== What the exercise asks ==
In the records below, the line with "close-up-of-woman-sitting-at-cafe-table-with-coffee-cup" opens the range and the line with "Young woman posing" closes it; print that range exactly and nothing else.

== Material shown ==
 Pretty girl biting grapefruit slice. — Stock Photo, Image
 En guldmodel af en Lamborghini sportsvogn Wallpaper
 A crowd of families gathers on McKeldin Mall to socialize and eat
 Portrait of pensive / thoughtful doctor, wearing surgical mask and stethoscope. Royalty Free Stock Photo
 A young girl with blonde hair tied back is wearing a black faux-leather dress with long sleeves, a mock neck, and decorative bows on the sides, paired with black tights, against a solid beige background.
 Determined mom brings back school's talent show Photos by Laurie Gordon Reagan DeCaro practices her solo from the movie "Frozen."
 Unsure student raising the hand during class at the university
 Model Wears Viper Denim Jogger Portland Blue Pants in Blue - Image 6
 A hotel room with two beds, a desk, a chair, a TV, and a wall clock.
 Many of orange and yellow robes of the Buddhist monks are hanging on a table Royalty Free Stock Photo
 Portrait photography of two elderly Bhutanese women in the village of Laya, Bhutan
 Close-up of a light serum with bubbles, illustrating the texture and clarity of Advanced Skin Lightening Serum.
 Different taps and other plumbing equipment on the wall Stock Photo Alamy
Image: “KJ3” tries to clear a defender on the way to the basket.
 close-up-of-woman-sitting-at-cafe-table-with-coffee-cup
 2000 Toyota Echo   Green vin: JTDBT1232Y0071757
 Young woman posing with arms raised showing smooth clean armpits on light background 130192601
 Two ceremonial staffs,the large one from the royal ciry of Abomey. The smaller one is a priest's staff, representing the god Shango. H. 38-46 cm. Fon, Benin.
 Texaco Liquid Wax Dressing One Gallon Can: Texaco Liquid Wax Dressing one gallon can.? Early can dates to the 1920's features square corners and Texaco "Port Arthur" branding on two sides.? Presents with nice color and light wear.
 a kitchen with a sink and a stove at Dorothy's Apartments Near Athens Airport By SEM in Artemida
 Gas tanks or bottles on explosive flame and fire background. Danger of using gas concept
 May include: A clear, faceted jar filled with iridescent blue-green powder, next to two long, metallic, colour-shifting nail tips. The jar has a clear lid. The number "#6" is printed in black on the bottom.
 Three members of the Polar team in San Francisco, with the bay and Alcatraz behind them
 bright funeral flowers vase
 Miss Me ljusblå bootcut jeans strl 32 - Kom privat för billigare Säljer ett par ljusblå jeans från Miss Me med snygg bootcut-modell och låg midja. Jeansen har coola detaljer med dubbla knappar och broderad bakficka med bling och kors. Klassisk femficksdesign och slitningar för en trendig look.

== Output below ==
 close-up-of-woman-sitting-at-cafe-table-with-coffee-cup
 2000 Toyota Echo   Green vin: JTDBT1232Y0071757
 Young woman posing with arms raised showing smooth clean armpits on light background 130192601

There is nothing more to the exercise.